Okay, having serious issues here. I've tried the following:

use Unicode::Japanese; my $word = Unicode::Japanese->new($word, 'euc-jp')->get; # mangled
And this
use Encode qw/encode decode/; $word = from_to( "euc-jp", $word ); #from_to subroutine doesn't exist $word = encode( "euc-jp", $word ); # mangled


Seems the output isn't encoded in any valid encoding. Starting to run out of options here.

Replies are listed 'Best First'.
Re: Converting from UTF8->EUC-JP
by lestrrat (Deacon) on Jul 04, 2005 at 02:44 UTC

    from_to is not exported by default. it also encode/decodes strings *in-place*.

    use Encode qw(from_to); from_to($word, 'utf8', 'euc-jp');

    On your second case, it depends. most likely cause is that $word isn't decoded into Perl's utf8 representation. You'd need to show more specific examples

      Very nice -- that did it.

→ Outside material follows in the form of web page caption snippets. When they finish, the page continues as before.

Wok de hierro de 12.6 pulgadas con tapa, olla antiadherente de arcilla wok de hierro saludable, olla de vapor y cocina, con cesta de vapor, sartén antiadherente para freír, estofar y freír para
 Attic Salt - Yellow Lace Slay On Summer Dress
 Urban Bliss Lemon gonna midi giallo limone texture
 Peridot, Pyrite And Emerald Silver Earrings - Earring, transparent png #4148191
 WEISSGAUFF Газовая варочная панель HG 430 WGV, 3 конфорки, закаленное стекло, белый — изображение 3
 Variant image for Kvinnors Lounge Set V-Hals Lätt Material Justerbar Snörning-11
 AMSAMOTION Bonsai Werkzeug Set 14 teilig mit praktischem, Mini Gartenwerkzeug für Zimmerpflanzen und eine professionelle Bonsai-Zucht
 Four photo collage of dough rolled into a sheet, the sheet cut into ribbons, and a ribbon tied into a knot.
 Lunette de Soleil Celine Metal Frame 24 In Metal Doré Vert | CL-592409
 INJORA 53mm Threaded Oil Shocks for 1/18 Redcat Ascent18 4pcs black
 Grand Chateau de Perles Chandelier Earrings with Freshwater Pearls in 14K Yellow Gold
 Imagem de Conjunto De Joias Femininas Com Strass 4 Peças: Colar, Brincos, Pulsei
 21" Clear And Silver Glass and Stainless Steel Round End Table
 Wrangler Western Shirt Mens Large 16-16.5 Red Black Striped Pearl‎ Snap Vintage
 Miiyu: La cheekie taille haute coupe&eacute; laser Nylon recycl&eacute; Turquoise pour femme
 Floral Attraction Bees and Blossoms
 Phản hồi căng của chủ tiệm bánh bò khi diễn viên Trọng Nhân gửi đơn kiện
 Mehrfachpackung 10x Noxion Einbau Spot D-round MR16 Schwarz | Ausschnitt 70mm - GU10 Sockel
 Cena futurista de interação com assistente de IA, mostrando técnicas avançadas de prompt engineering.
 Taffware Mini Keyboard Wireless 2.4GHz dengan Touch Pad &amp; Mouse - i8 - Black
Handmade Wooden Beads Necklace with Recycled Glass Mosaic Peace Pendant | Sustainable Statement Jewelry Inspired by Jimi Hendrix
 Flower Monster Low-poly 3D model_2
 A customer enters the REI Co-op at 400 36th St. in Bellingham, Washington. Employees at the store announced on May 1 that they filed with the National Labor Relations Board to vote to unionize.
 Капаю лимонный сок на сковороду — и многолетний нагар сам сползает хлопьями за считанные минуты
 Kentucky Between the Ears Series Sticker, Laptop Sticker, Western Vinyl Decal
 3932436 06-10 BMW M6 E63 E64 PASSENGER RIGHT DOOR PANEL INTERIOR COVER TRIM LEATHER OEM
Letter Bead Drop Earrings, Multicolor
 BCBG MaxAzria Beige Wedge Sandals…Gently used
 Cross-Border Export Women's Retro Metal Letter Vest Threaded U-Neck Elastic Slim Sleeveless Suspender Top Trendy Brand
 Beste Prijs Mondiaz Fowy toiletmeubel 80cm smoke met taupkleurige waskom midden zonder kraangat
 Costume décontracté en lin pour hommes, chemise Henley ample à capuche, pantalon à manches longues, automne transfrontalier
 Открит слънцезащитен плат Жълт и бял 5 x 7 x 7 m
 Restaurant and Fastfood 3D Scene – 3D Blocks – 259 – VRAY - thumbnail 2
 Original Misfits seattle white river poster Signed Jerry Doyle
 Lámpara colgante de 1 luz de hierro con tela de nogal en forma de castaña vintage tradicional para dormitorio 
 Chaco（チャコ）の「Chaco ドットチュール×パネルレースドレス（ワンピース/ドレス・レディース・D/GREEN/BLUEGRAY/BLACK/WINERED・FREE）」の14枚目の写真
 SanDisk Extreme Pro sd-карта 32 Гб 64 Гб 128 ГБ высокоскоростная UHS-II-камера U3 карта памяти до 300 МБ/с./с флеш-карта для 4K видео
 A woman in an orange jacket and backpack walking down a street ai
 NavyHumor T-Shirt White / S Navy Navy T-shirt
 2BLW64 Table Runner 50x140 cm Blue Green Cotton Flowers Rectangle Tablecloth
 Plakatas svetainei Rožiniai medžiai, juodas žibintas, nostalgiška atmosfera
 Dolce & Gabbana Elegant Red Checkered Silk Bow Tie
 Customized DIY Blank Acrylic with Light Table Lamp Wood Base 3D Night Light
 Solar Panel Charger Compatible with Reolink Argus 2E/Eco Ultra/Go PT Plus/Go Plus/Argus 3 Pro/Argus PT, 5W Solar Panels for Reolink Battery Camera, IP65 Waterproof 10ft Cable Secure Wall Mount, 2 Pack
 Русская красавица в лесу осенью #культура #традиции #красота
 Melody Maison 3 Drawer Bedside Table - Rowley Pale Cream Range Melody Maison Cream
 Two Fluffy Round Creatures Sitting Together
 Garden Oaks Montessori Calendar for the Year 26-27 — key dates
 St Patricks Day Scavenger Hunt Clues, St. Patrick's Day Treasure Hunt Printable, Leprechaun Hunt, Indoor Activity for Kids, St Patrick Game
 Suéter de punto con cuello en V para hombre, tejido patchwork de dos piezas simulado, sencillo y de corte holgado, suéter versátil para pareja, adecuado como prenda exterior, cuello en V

Much appreciated!
Re: Converting from UTF8->EUC-JP
by Anonymous Monk on Jul 04, 2005 at 02:48 UTC
    i'm just barely starting to understand encodings and how Perl handles them, so pardon the mess. i'm not sure why but this worked for me...
    $ perl -e 'print "\x30\x4b","\x00\x0a"' | iconv -f utf-16be -t utf-8 | + perl -MEncode=encode,decode -e '$x=<>;print encode("euc-jp",decode(" +utf8",$x))' | xxd 0000000: a4ab 0a ... $ gzcat /usr/share/i18n/charmaps/EUC-JP.gz | fgrep U304B <U304B> /xa4/xab HIRAGANA LETTER KA
    it looks like you need to inform Encode of the current encoding of your text somehow.